29th Parallel Coffee

Yesterday morning, I texted my dear friend, Jackie, to see if she was interested in grabbing a cup of coffee with me after our children were at school. I figure that since I am currently not working outside of the home, I might as well lean into the stay-at-home-mom-of-school-aged-kids persona. We agreed to meet at 29th Parallel Coffee in Fairfax Station and after throwing my hair up into a top-knot and putting on my best leggings (because stay-at-home-mom), I safely delivered the kids to school and drove to the unassuming shopping center where 29th Parallel Coffee resides.

I’ve heard people rave about this place and it is one of the highest-rated coffee shops in the Washington DC Metro area on Yelp so I was a bit taken aback by the outside appearance. I was expecting Brooklyn hipster vibes – not strip mall chic with abandoned dental offices. But guys? Once we got inside, 29th Parallel Coffee did not disappoint. At all.

My coffee snob tendencies were home. These were my people. Jackie and I chatted with the owner, Amir, and he expertly informed us all about the available coffee. Where the coffee was sourced, the chemistry behind the extraction process, and how the soluble flavors from the coffee are dissolved in the water. Jackie ordered a mocha that was made with fresh ground and tapped espresso on a machine that reminded me of the one I used while working at Harrington’s Coffee Company in Kennett Square, Pennsylvania. Like I said, I felt like I was at home. To this day, the hissing of an espresso machine remains one of my favorite sounds.
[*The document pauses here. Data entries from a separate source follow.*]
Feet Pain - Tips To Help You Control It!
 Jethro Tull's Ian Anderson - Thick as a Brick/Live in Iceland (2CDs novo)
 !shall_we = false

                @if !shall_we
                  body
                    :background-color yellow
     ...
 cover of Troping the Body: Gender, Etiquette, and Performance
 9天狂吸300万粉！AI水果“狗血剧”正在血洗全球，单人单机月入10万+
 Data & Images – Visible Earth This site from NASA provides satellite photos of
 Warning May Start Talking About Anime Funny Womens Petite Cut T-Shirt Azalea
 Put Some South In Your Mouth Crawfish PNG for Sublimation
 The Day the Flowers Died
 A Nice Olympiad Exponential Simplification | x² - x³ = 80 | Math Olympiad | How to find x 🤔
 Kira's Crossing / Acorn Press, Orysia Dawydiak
I opted for pour-over coffee. Also known as hand-drip coffee (as opposed to automatic-drip), pour-over coffee involves a kettle with a narrow spout, a special carafe, fresh ground beans, and patience.

I selected the REKO from Ethiopia. According to Amir, the beans had tasting notes of citrus, lemongrass, molasses, and ginger. As soon as he began grinding the beans, I knew I made the right choice and forced myself to be patient as he started the pour-over process.

My patience was rewarded with what may have been the best cup of coffee I’ve had in recent memory. Can you believe that I actually forgot to take a picture of the final product? I feel like I need to be beat with a blogging stick or something…bad blogger – bad!

I enjoyed my pour-over coffee with a splash of fresh cream. It was smooth, lush, and had absolutely no bitter aftertaste that is often present in even the most well-prepared cups of coffee. Jackie and I also each had a spinach and cheese quiche (which I also forgot to photograph but you can see a corner of it in the picture above of her mocha). 29th Parallel Coffee has a daily grind (pour-over), a daily drip (automatic-drip) during peak hours, espresso drinks, nitrobrew (cold strong coffee infused with nitrogen), assorted pastries, and seasonal items. Please stop it for yourself. Bring a friend. Have a chat with Amir. I promise you won’t be disappointed. We certainly weren’t.